Linked to the same case is Judith Miller, The New York Times reporter, who was the main conduit for then Iraqi exile Ahmed Chalabi to plant false information in the US media. Miller is being praised as a heroine for opting to go to prison rather than reveal her sources in connection with the same case although she did not write about it.
However, American writers point out, the media which have been paying tribute to Miller's "courage" are clearly overlooking the fact that she is in prison not because of a stand against revealing sources but for a different reason.
Miller is in prison to protect someone high up in the Bush administration or someone who was there. It could be anyone, including the president, the vice-president or one of their powerful aides, including some who are now occupying high international positions and a revelation that they had revealed the name of the CIA operative to a journalist could have far-reaching consequences to their present status.
Not many journalists and commentators in the US are impressed by Miller, as their comments on various websites indicate. They are asserting that if Miller were to uphold the high ethics of journalism and freedom of the press, then she should have exposed the Bush administration's deceptive campaign to wage war against Iraq.
She is well-known for her expertise with the Middle East, and it should not have been a secret to her that the administration was determined to invade and occupy Iraq much before the actual invasion and that the scene was being prepared for it through deceptive means.
A suggestion, direct or indirect, explicit or implicit, never came in any of Miller's writings in the run-up to or during or after the invasion of Iraq that Washington had made up its mind to seal Saddam Hussein's fate even when it was dilly-dallying with the UN about weapon inspections in Iraq.
Instead, she steadily helped channel to her paper a flow of unverified information — now we know it Chalabi was her source — about Saddam's non-existent weapons of mass destruction, her critics point out.
The legality of the right of journalists to protect their sources is being debated in Washington now, and several members of Congress known to have strong links with the neoconservative camp are trying to introduce legislation that offers protection to journalists who refuse to reveal their sources.
Obviously, the Rove-Libby case is only the tip of an iceberg. Much deeper and intriguing plotting and planning has gone into setting the deceptive path towards the war against Iraq. And those who want to introduce legal protection for journalists refusing to reveal sources might perhaps be ensuring protection for themselves when more skeletons tumble out from the shelves of the Bush administration.




No one doubts that there was a grandiose scheme that went to paving the way for the US-led invasion and occupation of Iraq and it was helped by many media outlets which, wittingly or unwittingly, sidestepped journalistic ethics, principles or code of conduct in their anxiety to help the neoconservatives to build the case for war.
We should have known this week whether Miller was protecting Karl Rove, Lewis Libby or someone else.

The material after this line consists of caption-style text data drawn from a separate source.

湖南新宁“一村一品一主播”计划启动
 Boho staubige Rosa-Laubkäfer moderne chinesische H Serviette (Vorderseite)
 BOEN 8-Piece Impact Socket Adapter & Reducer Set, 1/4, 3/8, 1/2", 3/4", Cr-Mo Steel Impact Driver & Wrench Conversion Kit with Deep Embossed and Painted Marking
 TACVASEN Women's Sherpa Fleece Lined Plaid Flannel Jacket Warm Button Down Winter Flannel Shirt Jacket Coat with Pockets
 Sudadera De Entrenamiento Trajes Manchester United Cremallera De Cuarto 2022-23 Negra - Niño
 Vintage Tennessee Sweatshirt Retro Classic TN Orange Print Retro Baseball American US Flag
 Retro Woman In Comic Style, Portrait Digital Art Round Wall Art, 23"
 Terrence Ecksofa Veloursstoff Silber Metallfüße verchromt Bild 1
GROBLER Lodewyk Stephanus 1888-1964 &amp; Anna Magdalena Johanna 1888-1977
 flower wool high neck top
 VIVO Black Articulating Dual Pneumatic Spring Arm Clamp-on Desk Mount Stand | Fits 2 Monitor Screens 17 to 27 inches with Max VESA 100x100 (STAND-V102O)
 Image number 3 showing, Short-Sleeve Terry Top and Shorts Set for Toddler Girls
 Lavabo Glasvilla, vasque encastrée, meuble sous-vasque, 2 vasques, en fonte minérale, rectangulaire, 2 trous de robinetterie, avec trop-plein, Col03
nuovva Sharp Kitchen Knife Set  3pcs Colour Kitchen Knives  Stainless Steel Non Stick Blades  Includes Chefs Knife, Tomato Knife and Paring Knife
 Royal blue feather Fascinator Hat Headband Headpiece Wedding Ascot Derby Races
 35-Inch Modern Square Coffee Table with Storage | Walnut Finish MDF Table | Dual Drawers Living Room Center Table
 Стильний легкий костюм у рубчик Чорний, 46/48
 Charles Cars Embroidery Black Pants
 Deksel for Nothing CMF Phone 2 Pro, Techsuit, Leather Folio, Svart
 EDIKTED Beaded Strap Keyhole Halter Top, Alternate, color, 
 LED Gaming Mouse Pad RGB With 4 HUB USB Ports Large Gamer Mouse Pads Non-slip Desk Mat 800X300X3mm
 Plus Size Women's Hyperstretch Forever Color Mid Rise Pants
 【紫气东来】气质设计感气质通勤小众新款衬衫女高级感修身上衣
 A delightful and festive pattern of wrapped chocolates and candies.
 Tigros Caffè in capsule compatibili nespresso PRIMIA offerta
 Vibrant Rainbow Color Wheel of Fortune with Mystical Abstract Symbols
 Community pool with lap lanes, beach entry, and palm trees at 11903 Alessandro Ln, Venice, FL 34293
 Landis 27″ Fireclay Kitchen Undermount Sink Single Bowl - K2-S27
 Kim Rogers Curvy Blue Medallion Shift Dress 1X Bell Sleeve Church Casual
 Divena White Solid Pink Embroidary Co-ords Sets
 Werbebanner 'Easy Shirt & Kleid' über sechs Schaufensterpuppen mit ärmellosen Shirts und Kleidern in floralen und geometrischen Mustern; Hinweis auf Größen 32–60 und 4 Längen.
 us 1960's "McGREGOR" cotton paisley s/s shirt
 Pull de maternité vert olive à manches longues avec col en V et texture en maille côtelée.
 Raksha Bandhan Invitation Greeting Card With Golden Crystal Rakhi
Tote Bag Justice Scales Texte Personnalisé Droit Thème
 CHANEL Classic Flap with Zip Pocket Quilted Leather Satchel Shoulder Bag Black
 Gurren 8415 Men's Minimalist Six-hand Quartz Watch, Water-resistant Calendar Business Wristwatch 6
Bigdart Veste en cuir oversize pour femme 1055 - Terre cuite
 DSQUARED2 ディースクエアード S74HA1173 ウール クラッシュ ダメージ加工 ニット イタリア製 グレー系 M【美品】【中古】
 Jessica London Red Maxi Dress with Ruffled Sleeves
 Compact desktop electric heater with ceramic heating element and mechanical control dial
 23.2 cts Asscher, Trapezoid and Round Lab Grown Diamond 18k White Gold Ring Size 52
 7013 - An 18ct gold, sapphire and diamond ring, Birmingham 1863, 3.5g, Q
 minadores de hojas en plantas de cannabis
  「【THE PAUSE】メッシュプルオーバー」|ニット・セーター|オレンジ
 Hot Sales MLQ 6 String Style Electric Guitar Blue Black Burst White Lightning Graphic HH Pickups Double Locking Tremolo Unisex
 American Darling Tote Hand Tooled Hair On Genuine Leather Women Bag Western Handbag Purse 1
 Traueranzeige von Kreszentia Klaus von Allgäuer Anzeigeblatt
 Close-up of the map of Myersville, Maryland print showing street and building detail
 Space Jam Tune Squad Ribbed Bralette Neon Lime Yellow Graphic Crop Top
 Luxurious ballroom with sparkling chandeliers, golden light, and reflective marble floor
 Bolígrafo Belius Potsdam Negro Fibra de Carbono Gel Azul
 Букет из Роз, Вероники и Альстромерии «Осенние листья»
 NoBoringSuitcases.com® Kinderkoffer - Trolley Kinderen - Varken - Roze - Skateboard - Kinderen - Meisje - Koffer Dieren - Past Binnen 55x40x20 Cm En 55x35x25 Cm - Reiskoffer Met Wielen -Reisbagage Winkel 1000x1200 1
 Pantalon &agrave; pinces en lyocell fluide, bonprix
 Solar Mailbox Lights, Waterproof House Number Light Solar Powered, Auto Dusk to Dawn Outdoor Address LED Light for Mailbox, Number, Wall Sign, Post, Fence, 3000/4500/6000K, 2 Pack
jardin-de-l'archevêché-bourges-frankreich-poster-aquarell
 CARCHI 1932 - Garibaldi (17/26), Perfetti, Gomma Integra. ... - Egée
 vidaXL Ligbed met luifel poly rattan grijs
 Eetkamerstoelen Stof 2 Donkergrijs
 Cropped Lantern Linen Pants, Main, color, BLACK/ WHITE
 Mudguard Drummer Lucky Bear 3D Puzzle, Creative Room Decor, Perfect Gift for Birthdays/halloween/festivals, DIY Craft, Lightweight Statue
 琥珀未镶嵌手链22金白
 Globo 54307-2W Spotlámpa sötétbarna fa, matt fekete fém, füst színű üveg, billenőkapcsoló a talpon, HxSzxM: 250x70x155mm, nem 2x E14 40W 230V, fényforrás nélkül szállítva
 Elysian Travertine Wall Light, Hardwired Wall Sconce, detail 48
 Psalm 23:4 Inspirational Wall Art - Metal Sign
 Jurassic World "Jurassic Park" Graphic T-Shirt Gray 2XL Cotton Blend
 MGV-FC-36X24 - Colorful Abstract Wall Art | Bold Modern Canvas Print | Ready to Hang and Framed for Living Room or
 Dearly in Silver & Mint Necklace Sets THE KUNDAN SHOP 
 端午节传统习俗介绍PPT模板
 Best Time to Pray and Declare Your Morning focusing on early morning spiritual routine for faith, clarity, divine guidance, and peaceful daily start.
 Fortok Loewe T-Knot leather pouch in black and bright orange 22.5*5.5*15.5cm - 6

But it has not happened.
Time reporter Cooper has already revealed that Rove was the first to tell him that the wife of former ambassador Joseph Wilson was an undercover CIA operative and she was instrumental in sending Wilson to Niger to investigate claims that Saddam Hussein had bought nuclear material from that country.
Cooper has also disclosed that Libby was another of his sources.
Now that both Libby and Rove have been named, it was logical that Miller would opt to admit that either of them or both of them were her sources too and get herself released from prison.
Her imprisonment could last for another three months if she continues to refuse to reveal her sources. Since she did not grab the opportunity offered when Copper named Rove and Libby, she is seen as definitely protecting someone else, and this opens up yet another chapter of deception at the highest levels in Washington to set the stage for war against Iraq.


In legal terms, both Rove and Libby could be charged with treason because they exposed an undercover CIA operative. Had the woman concerned been a regular employee of the CIA, there would have no such charge, but exposing an undercover agent is a serious crime.
That a senior White House official would go to the exent of committing such a crime is only a reflection of the determination to invade and occupy Iraq, many Americans argue.
Boston Globe columnist Derrick Z. Jackson writes that the election victory of Bush in 2000 was the hardliners in Washington were waiting for in their gameplan to invade and occupy Iraq.
According to Jackson, "Libby, Cheney, and the other influential right-wing hard-liners, such as Donald Rumsfeld, Paul Wolfowitz, Richard Armitage, Richard Perle, and Douglas Feith, saw their dreams come true" when Bush was elected.
He notes that Cheney was defence secretary in the administration of Bush Senior and Libby and Wolfowitz were two of his aides who, after the first Gulf war left Saddam in power, drafted a document advocating ‘‘pre-emptive’’ war against possible threats.
They said the United States should be ‘‘postured to act independently when collective action cannot be orchestrated," notes Jackson. But their plans had to be held in abeyance because Democrat Bill Clinton won the 1991 elections and occupied the White House for the eight years beginning in January 1992.
"But when the junior Bush became president in 2000, the hard right on foreign policy took the helm," writes Jackson. "They used the terrorist attacks of Sept. 11 as an excuse for invading Iraq, even though President Bush’s own 9/11 Commission found no tie between Saddam and 9/11.
"Libby was in the thick of whipping up fear over the thinnest of evidence. The level to which Libby and Cheney stooped to get their war was highlighted by the momentous presentation of Saddam’s 'threat’' before the United Nations Security Council by then secretary of state Colin Powell.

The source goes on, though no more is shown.